═════ Source information

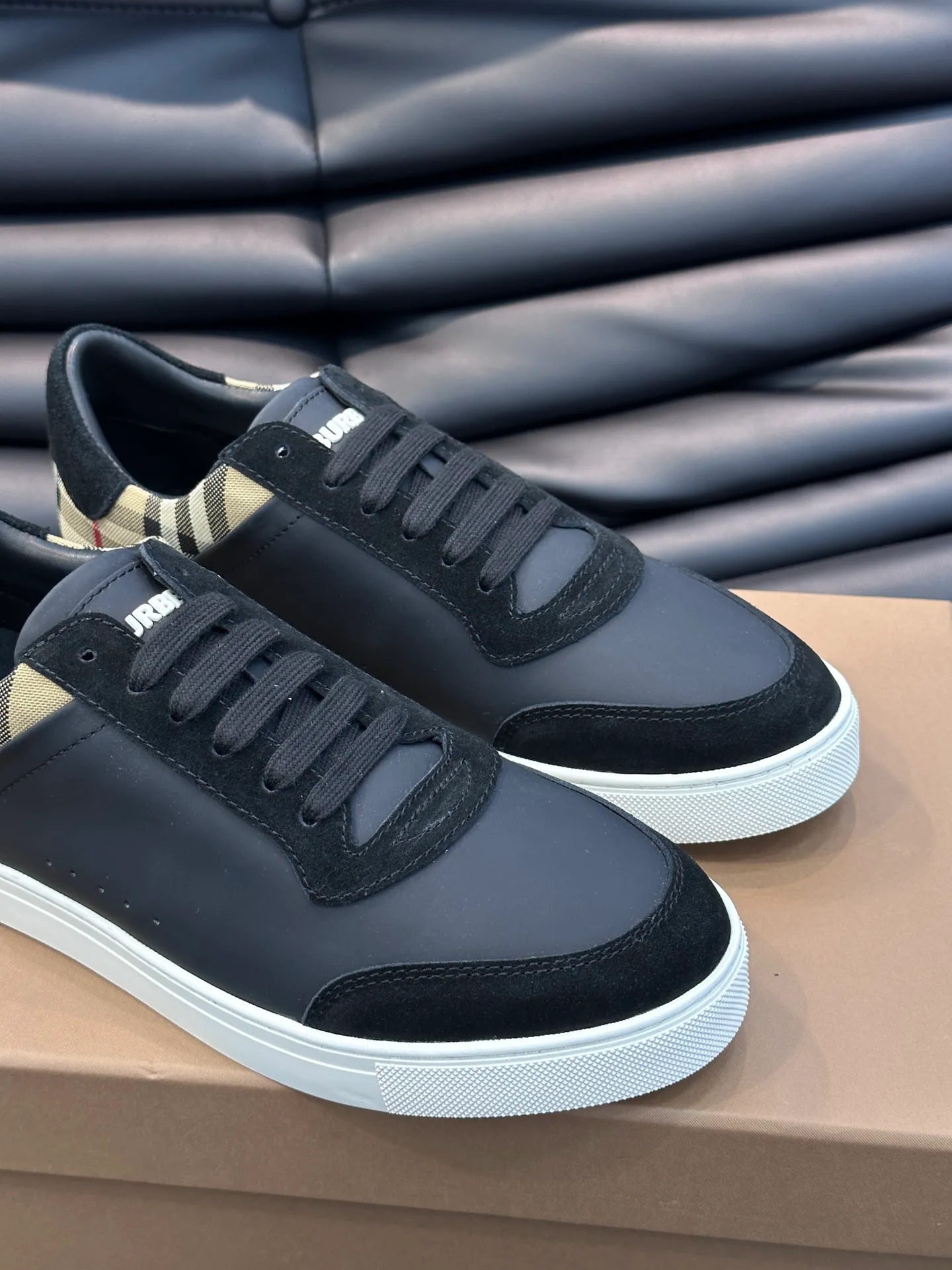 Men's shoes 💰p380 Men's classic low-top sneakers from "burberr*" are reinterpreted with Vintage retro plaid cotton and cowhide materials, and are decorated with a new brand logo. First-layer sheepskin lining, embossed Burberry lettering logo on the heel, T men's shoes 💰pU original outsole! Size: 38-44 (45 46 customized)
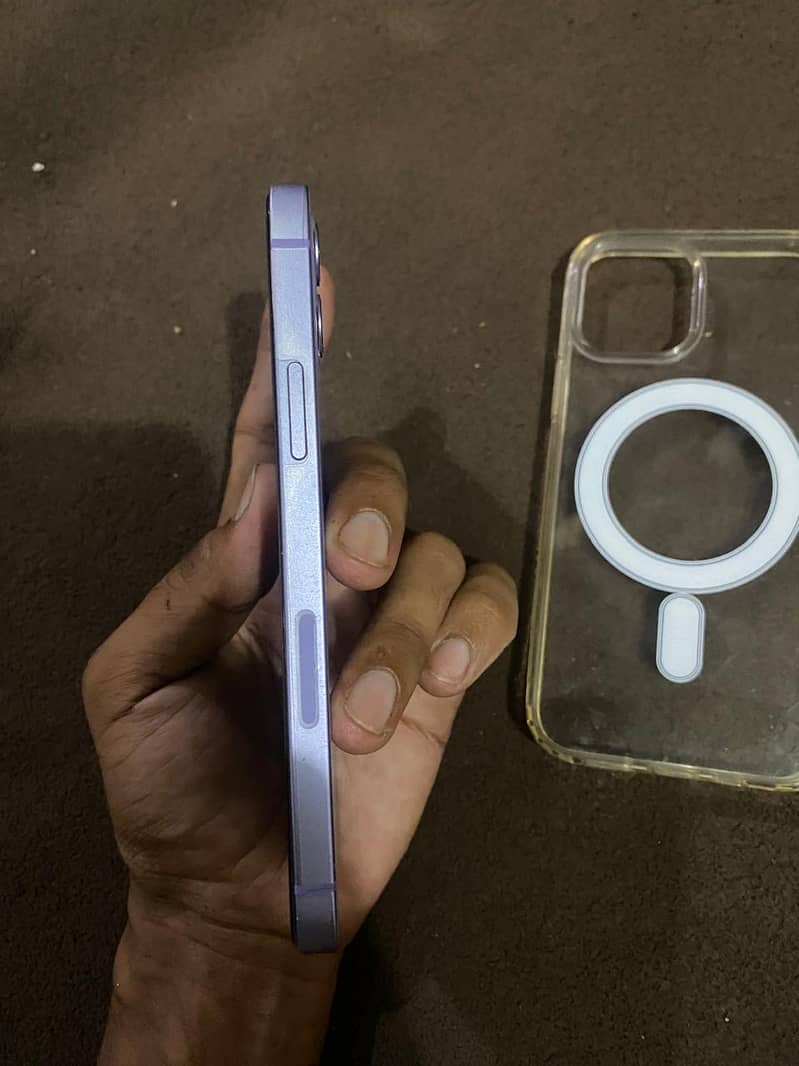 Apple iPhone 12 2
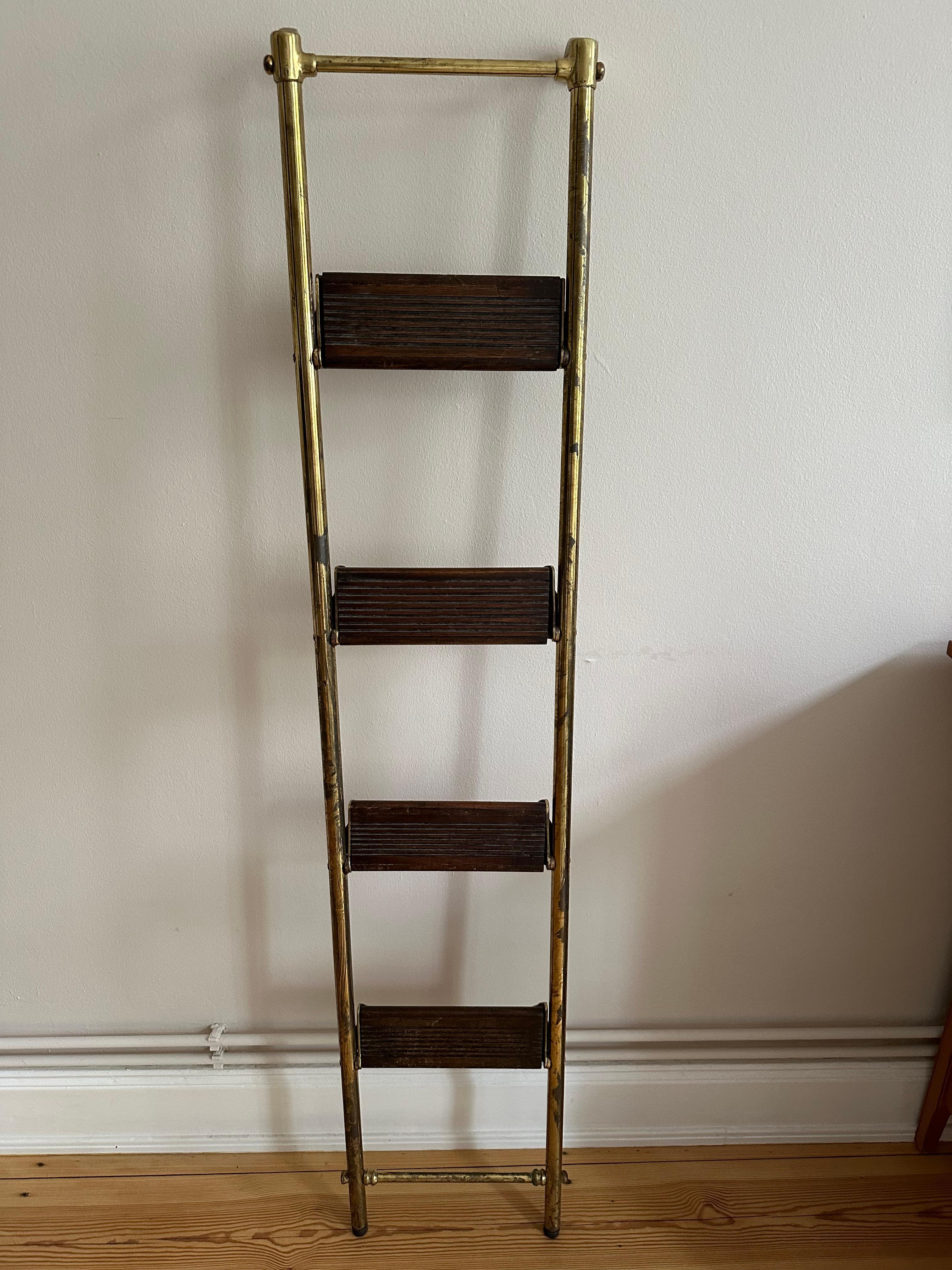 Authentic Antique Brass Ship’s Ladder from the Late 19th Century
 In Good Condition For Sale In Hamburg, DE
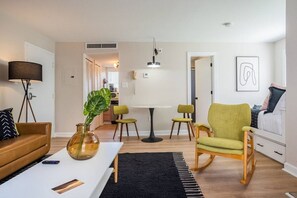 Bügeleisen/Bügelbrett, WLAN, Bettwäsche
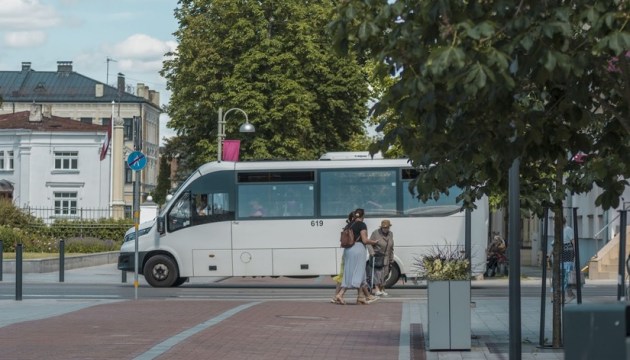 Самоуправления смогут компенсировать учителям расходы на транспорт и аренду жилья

══════════
═════ Source information

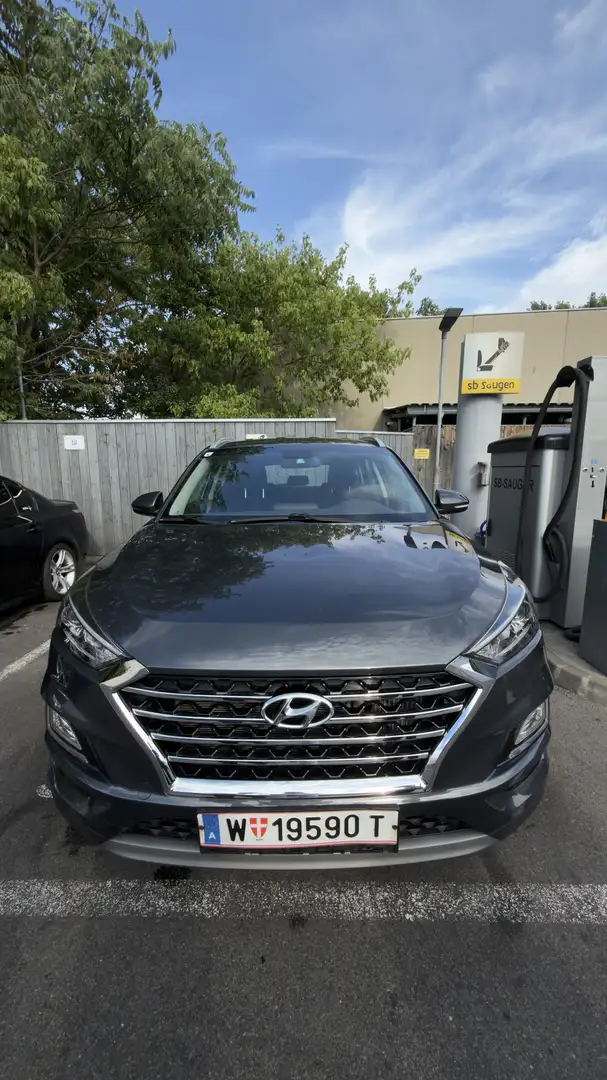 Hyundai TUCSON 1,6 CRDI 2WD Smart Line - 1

══════════
═════ Source information

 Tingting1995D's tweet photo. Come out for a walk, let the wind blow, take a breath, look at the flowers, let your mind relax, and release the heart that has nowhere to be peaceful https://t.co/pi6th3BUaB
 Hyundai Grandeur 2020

══════════

* _Work item_: Although pictures appear among the records above, write out exactly only the lines from the one that has "Authentic Antique Brass" through the one that has "Самоуправления смогут компенсировать", and leave the pictures out.

* _Solution for this exercise_:
 Authentic Antique Brass Ship’s Ladder from the Late 19th Century
 In Good Condition For Sale In Hamburg, DE
 Bügeleisen/Bügelbrett, WLAN, Bettwäsche
 Самоуправления смогут компенсировать учителям расходы на транспорт и аренду жилья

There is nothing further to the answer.